Anticonvulsant Potential and Toxicological Profile of Verbesina persicifolia Leaf Extracts: Evaluation in Zebrafish Seizure and Artemia salina Toxicity Models

Abstract

Epilepsy is a chronic neurological disorder with significant treatment challenges, necessitating the search for alternative therapies. This study evaluates the anticonvulsant activity and toxicological profile of Verbesina persicifolia leaf extracts. Methanolic and sequential fractions (hexane, dichloromethane, ethyl acetate, and methanol) were tested using a pentylenetetrazole (PTZ)-induced seizure model in zebrafish (Danio rerio), measuring seizure latency, severity, and survival rates. Phytochemical screening confirmed the presence of flavonoids, alkaloids, and steroids, suggesting potential neuroactive properties. The hexane extracts significantly increased seizure latency and survival rates, with co-administration of hexane extract (5 µg/mL) and diazepam (35.5 µM) further enhancing these effects. Toxicity assessment in Artemia salina indicated low to moderate toxicity in methanolic extracts, while sequential fractions exhibited higher toxicity, particularly in hexane and ethyl acetate extracts.

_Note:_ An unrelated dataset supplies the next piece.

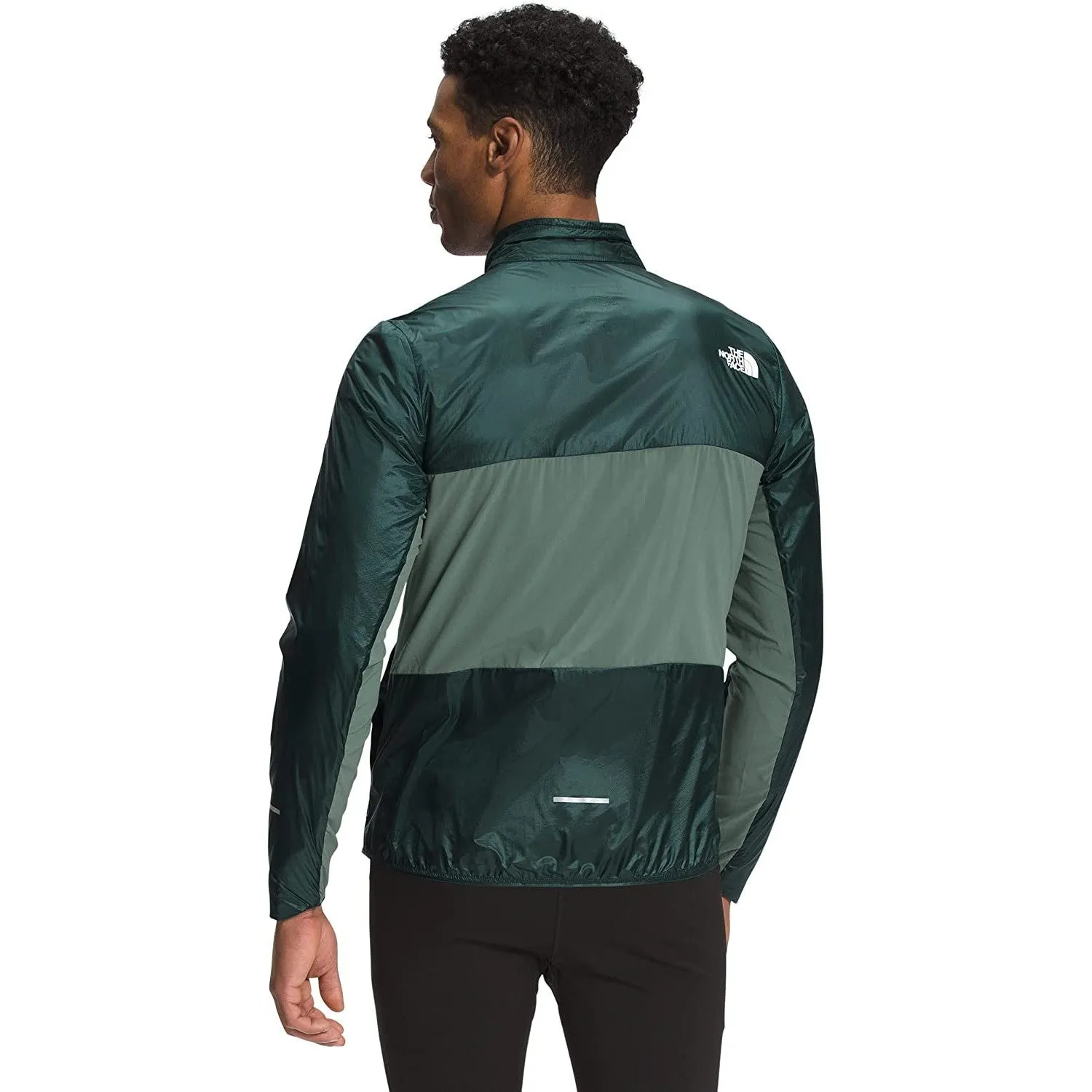 The North Face Men's Winter Warm Jacket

These findings suggest that V. persicifolia extracts exert anticonvulsant effects, likely through GABAergic modulation, and exhibit a favorable safety profile at therapeutic doses. The results support further investigations to isolate active constituents, confirm their mechanisms of action, and explore their potential as plant-derived anticonvulsant agents.

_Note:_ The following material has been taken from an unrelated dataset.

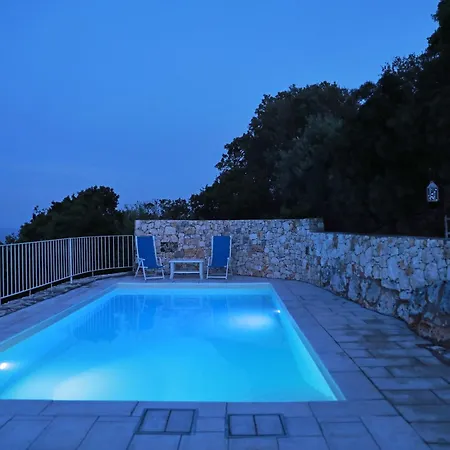 Ada Сasa de vacaciones Corsano (Apulia)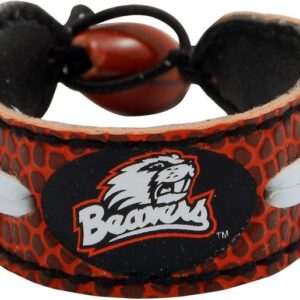 Oregon State Beavers Bracelet Classic Football Alternate CO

Keywords: Artemia salina toxicity; GABAergic modulation; PTZ-induced seizures; Verbesina persicifolia; alkaloids; anticonvulsant activity; diazepam synergy; flavonoids; zebrafish epilepsy model.

Figure 1

Latency metrics for zebrafish treated with Verbesina persicifolia extracts obtained by the partition method. (A) No significant differences; (B) (* p ≤ 0.01); (C) (* p = 0.03). Data are presented as medians ± interquartile ranges. The analysis was performed using ANOVA followed by Tukey HSD.

Figure 2

Latency metrics for zebrafish treated with Verbesina persicifolia extracts obtained by the sequential method. (A) Speed Index Latency, (B) Whirlpool Latency, (C) Posture Loss Latency. (B) (* p = < 0.01); (C) (* p = < 0.01). Data are presented as medians +- interquartile ranges. The analysis was performed using ANOVA followed by Tukey HSD.

Figure 3

Latency metrics for zebrafish treated with Verbesina persicifolia hexane extract in combination with pharmacological controls. (A) Speed Index Latency, (B) Whirlpool Latency, and (C) Posture Loss. The administration of sodium valproate and the hexanic partition was at a concentration of 200 µM and 10 µg/mL, respectively. The administration of diazepam and the hexanic partition was at a concentration of 37.5 µM and 5 µg/mL, respectively. (B) (* p = < 0.01); (C) (* p = 0.01), (** p = < 0.01). Data are presented as medians ± interquartile ranges. For A, the analysis was performed using ANOVA followed by Tukey HSD, while for B and C, Kruskal–Wallis was used, followed by the Bonferroni correction for the Mann–Whitney U test.

Figure 4

Survival rates (%) of Verbesina persicifolia extracts in zebrafish under different extraction methods. (A) Partition method: survival rates for hexane, dichloromethane, ethyl acetate, methanol, and water extracts across concentrations (1, 10, 100, and 1000 µg/mL). (B) Sequential method: survival rates for the same solvents across concentrations (0.1, 1, 10, 100, and 1000 µg/mL).